Ratio of inscribed/circumscribed ellipsoids: geometrical proof?

Question

Let $K$ be a convex subset of ${\mathbb R}^n$, with non-void interior. The Löwner-John theorem states that there are a minimal volume ellipsoid $\cal E$ containing $K$, a maximal one $\cal F$ contained in $K$, and that $\frac1n\cal E\subset\cal F$. The latter property is sharp since it is an equality when $K$ is a simplex.
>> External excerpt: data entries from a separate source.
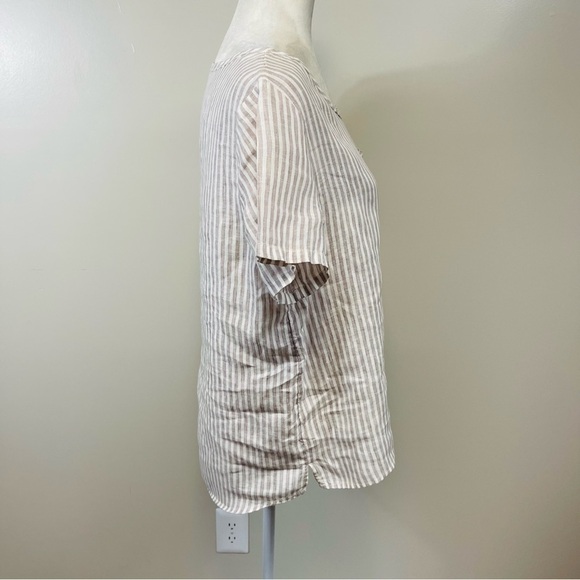 TAHARI 100% Linen Tan & White Striped Short Sleeve pocket Top - SMALL - Picture 6 of 7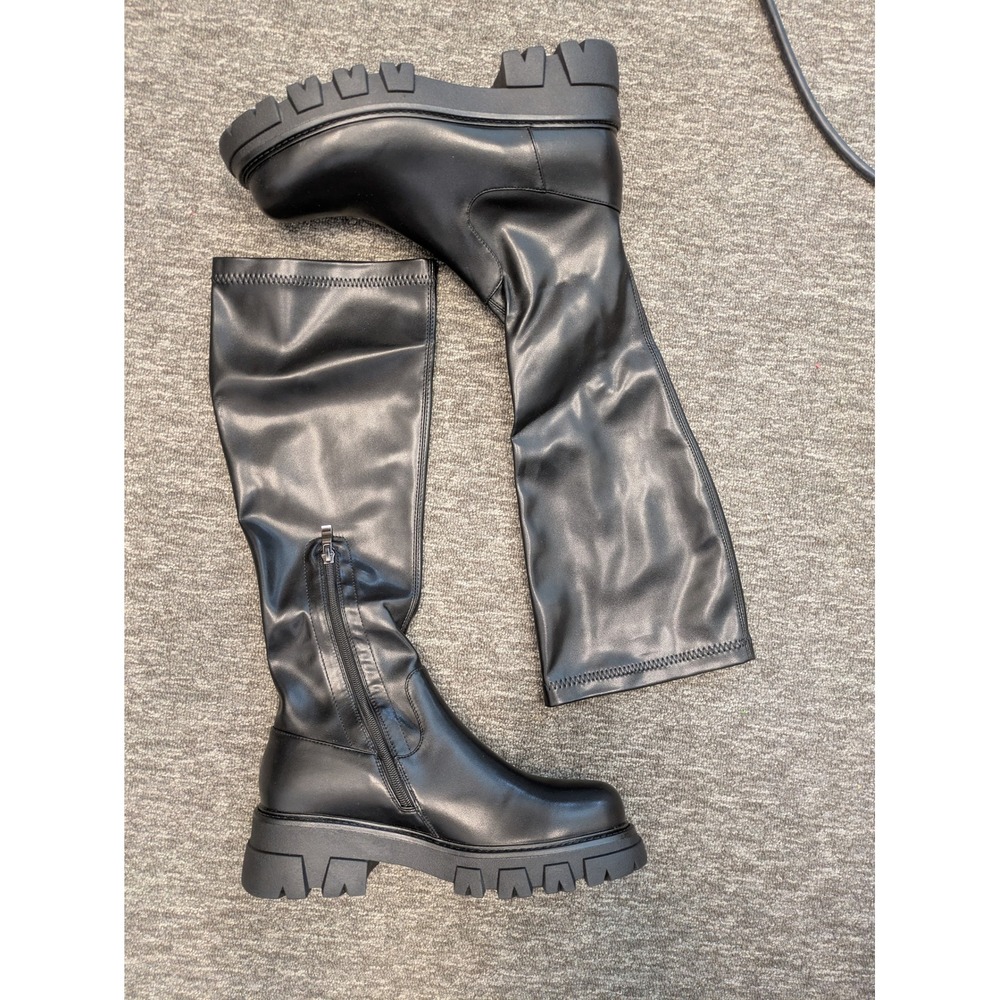 NEW CouieCuies Knee High Boots Women's 10.5 Black Chunky Platform Lug Sole Zip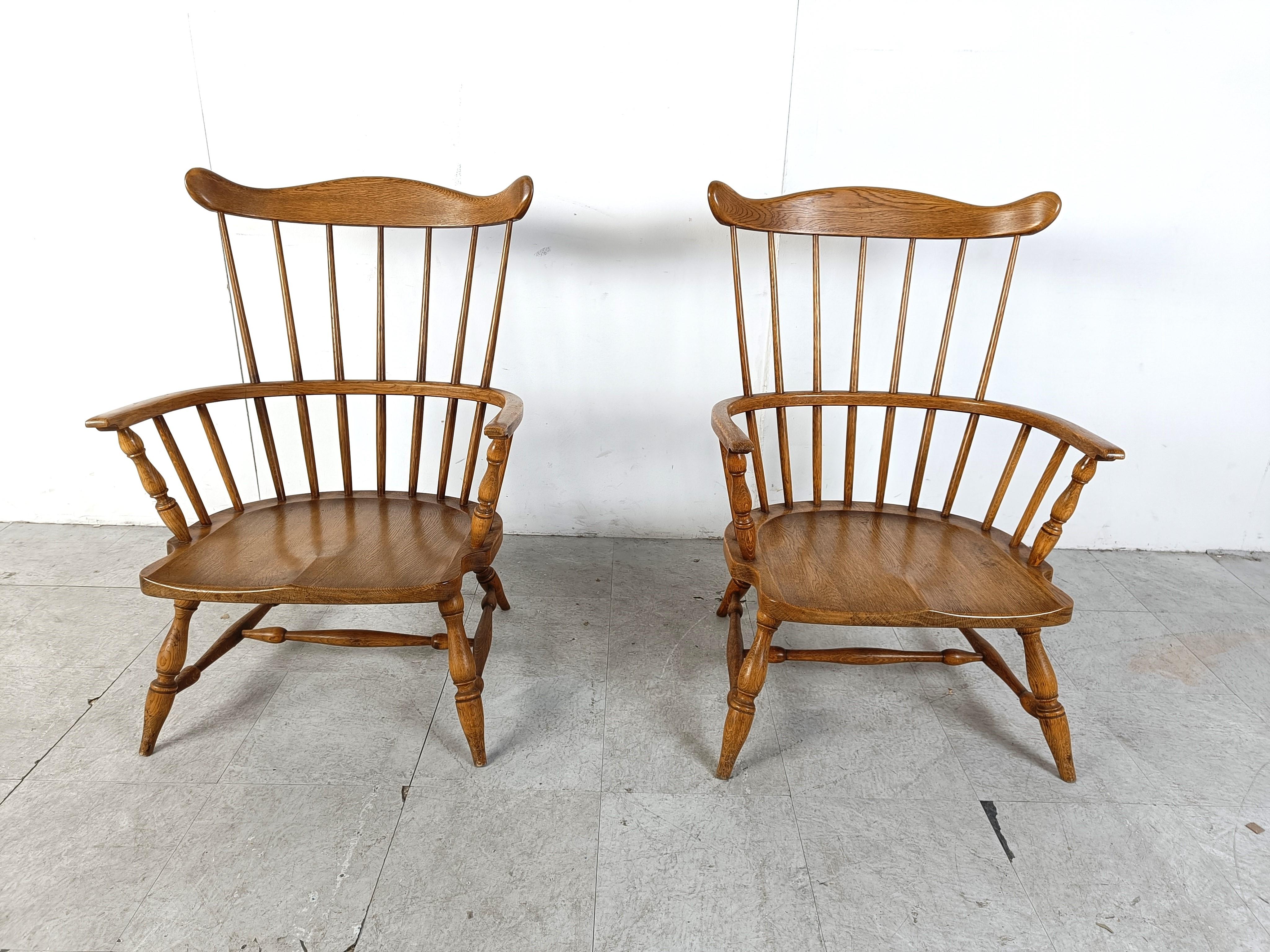 Mid-Century Modern 20th century English Windsor armchairs, set of 2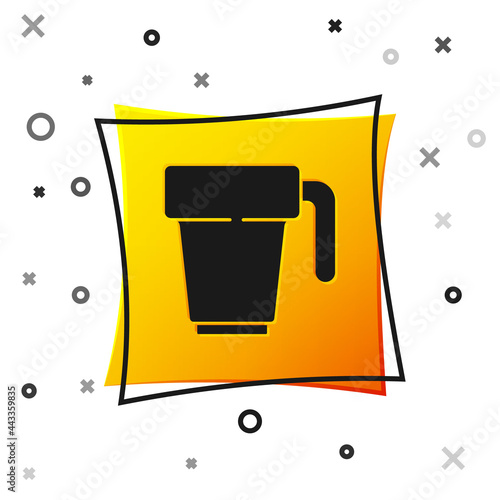 Black Coffee cup icon isolated on white background. Tea cup. Hot drink coffee. Yellow square button. Vector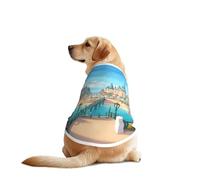 Chemise pour chien « A Joyful Holiday by The Seaside » pour chiens de grande et moyenne taille - T-shirt en maille respirante, parfait pour un usage quotidien et des occasions spéciales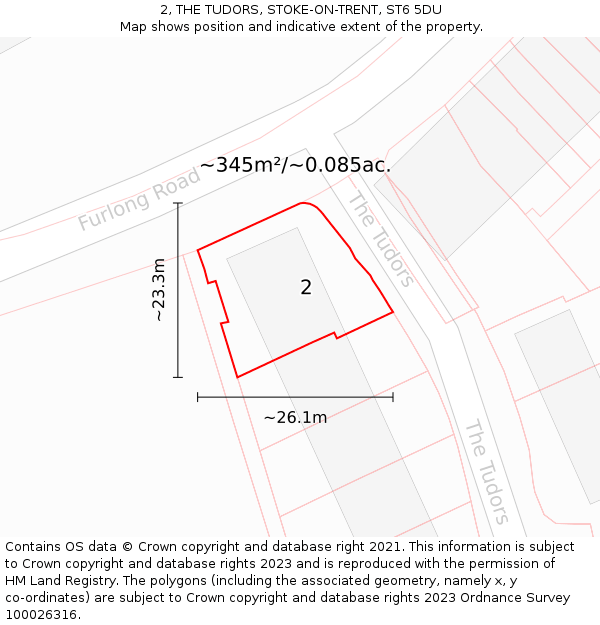 2, THE TUDORS, STOKE-ON-TRENT, ST6 5DU: Plot and title map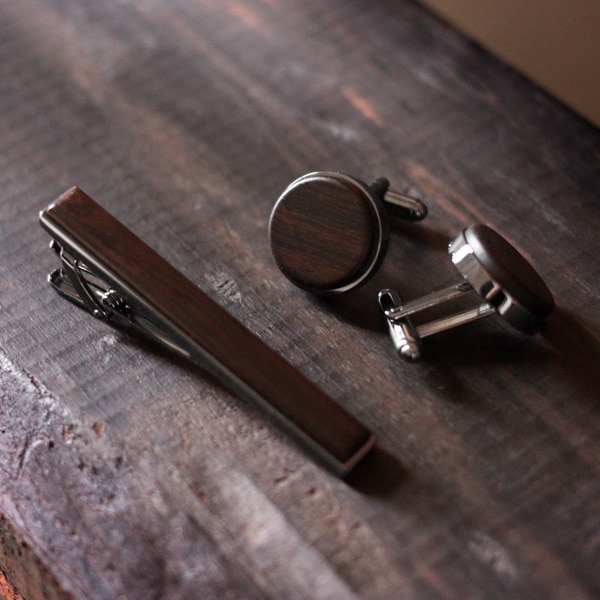 TIE PINS & CUFF LINKS ギフトセット(黒檀)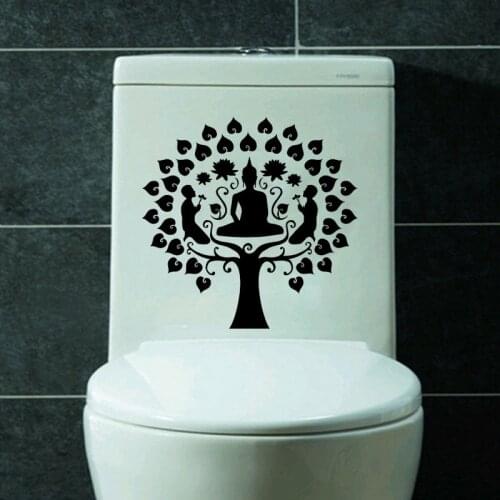 Buddhism Buddha Meditation Tree Vinyl Toilet Sticker Wall Decal Decor 6WS0185
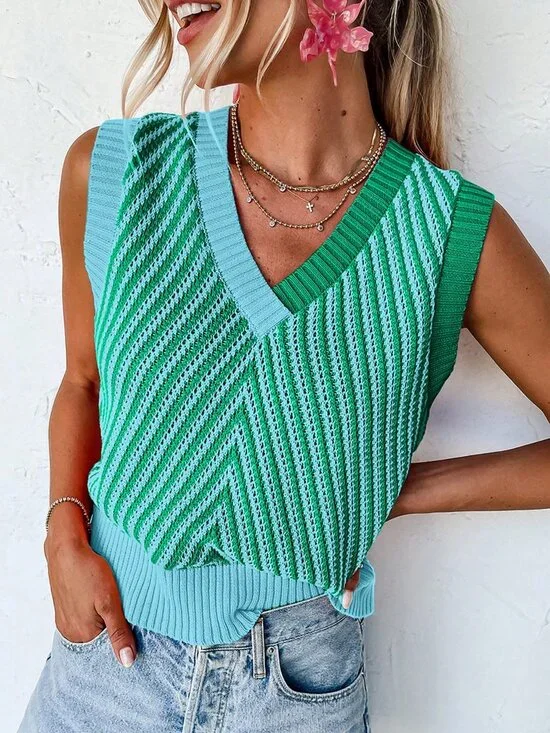 Green Casual Women's Striped V-Neck Sleeveless Knit Vest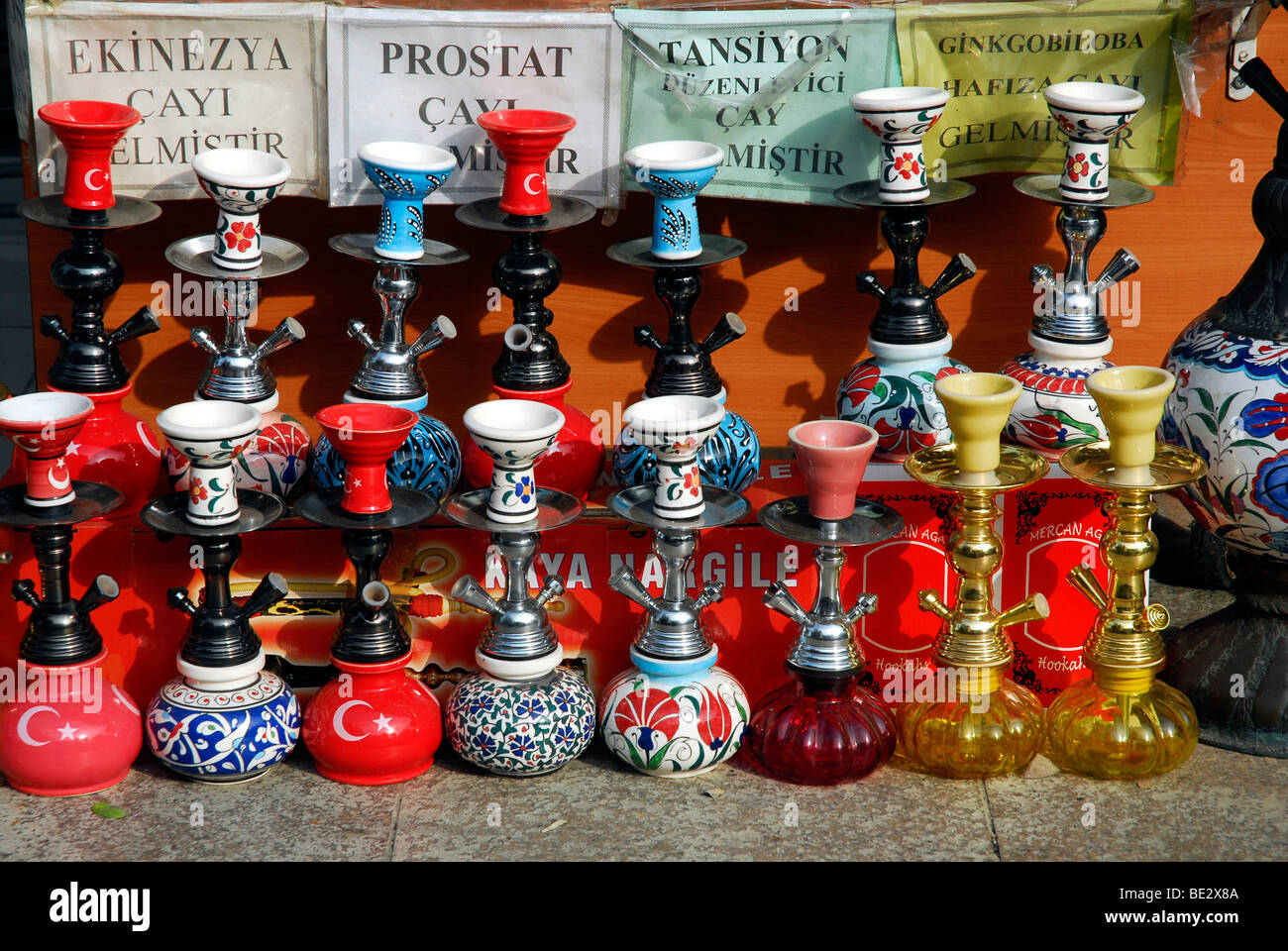 Hookahs as souvenirs at a market, Istanbul, Turkey Stock Photo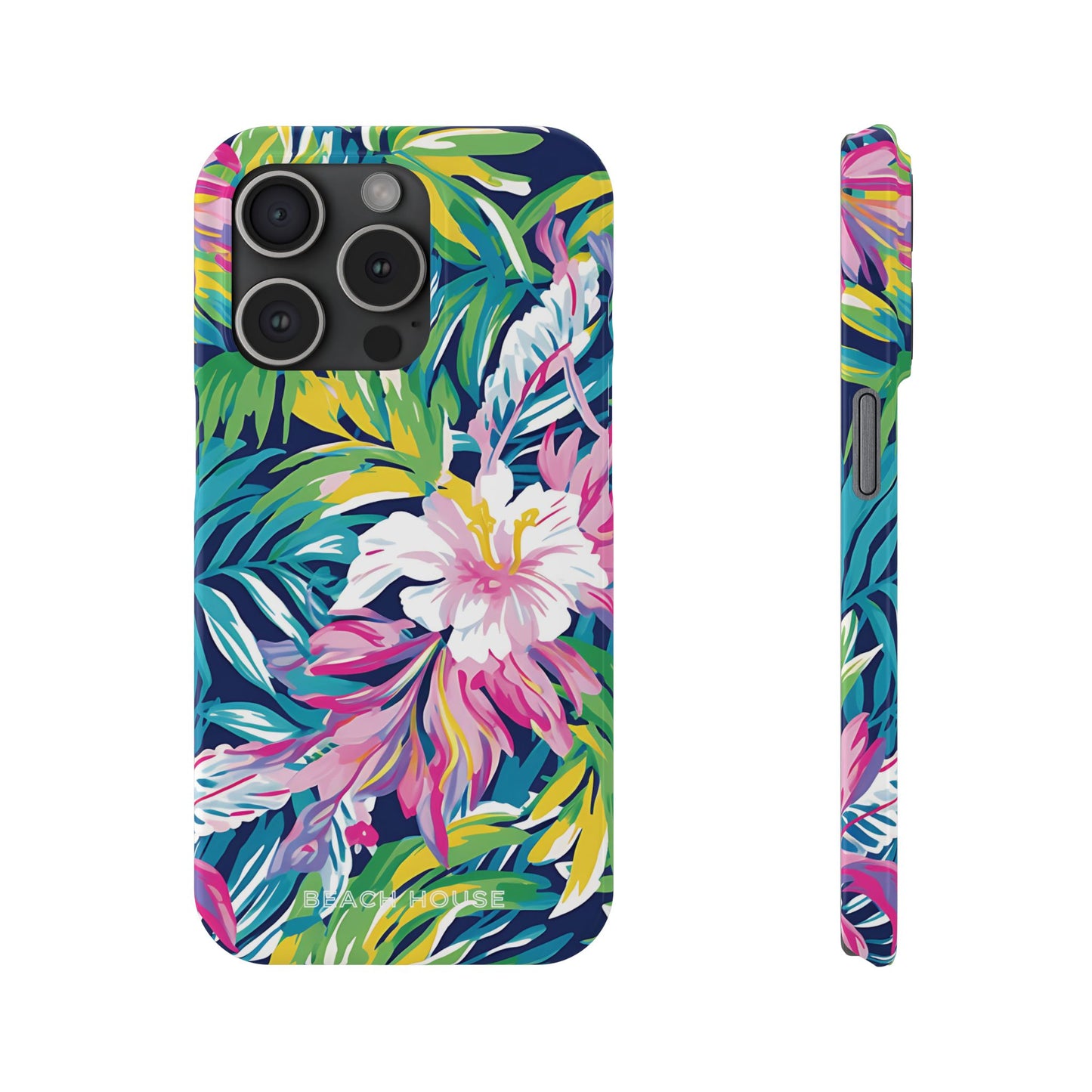 Front and side view of Playa Hermosa Slim Phone case with colorful floral design on a white background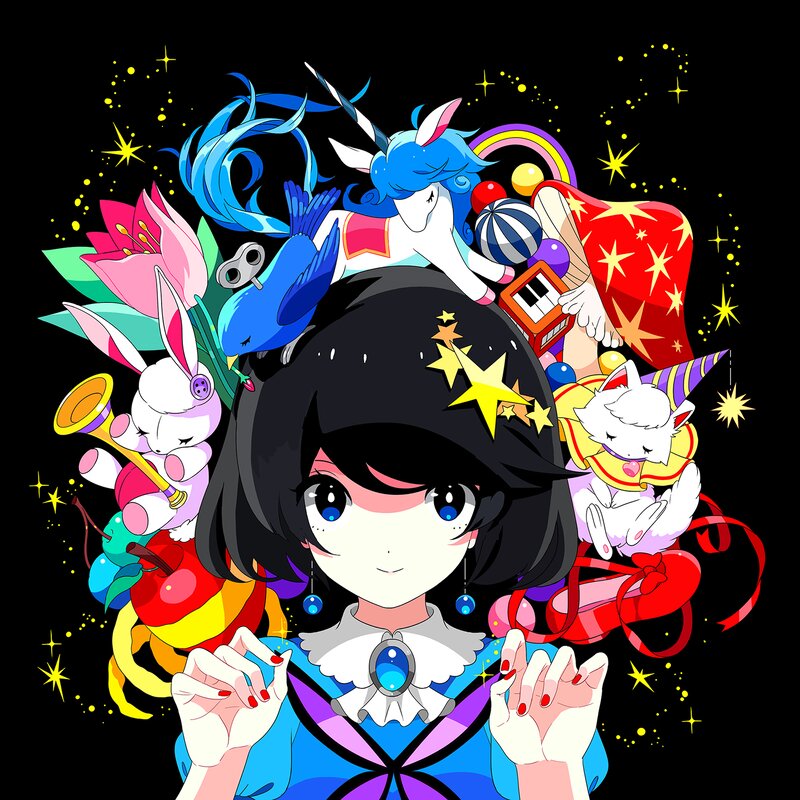 Anime Girl with Magical Creatures — Black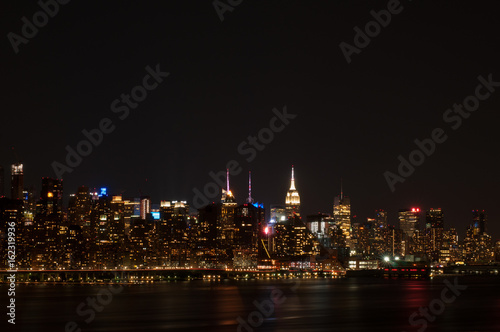 Manhattan skyline at Night Lights  New York City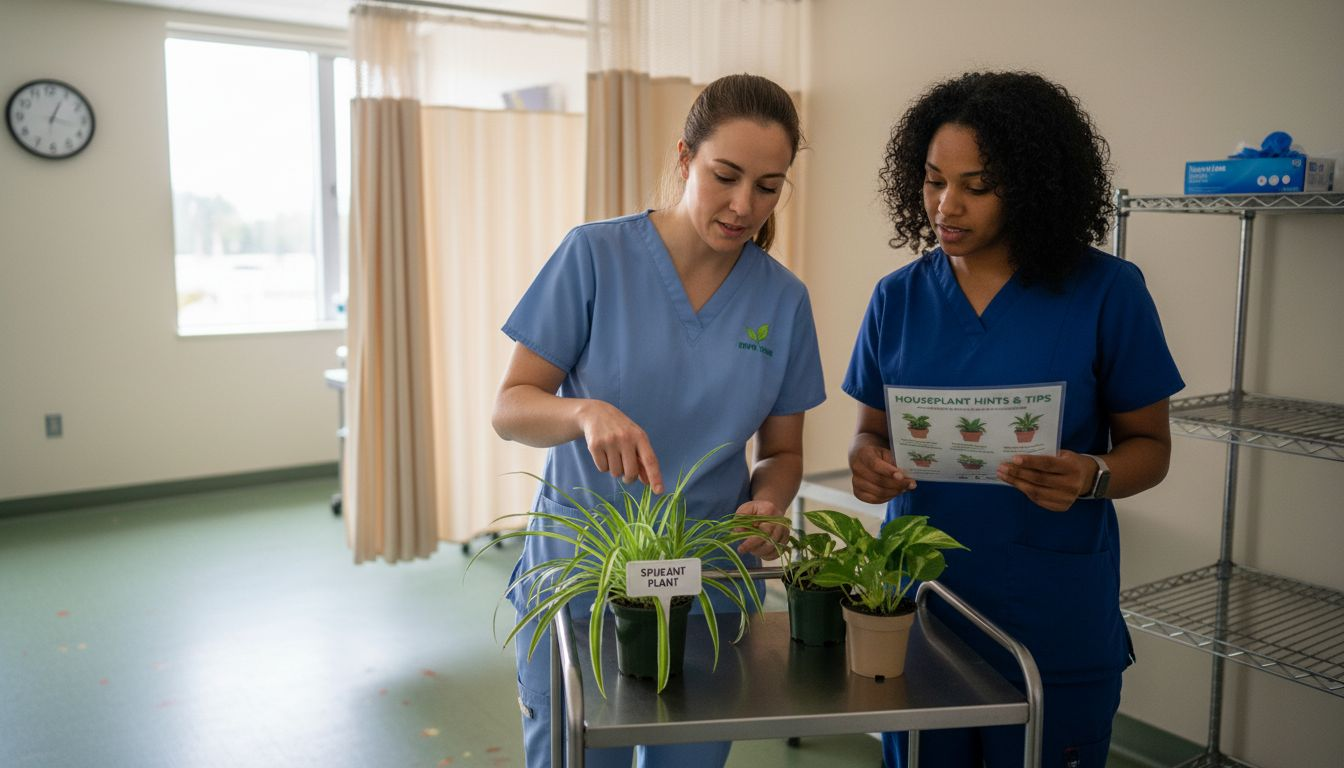 Nurses reviewing clinic plant selection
The simplex case reduces to the regular one, for which $\cal E$ and $\cal F$ are concentric spheres of radii $R$ and $r$. Actually, this implies the inclusion part of Löwner-John theorem for general convex bodies. The fact that $R=nr$ follows from a cumbersome calculation.

Is there a calculus-free proof of $R=nr$ in the simplex case ? Presumably a purely geometrical proof.

Answer 1

Let $S$ be a regular simplex with vertices $x_0,\dots,x_n$ and center $c$, and let $S’$ be the simplex with vertices $c,x_1,\dots,x_n$. Let $c’$ be the center of their shared facet $x_1,\dots,x_n$. Since $S$ can be decomposed into $n+1$ simplices congruent to $S’$, we have $\DeclareMathOperator{\Vol}{Vol} \Vol S = (n+1)\Vol S’$, which implies $|x_0-c’|=(n+1)|c-c’|$, or equivalently $|x_0-c|=n|c-c’|$. Now observe that $|x_0-c|$ is the circumradius and $|c-c’|$ is the inradius.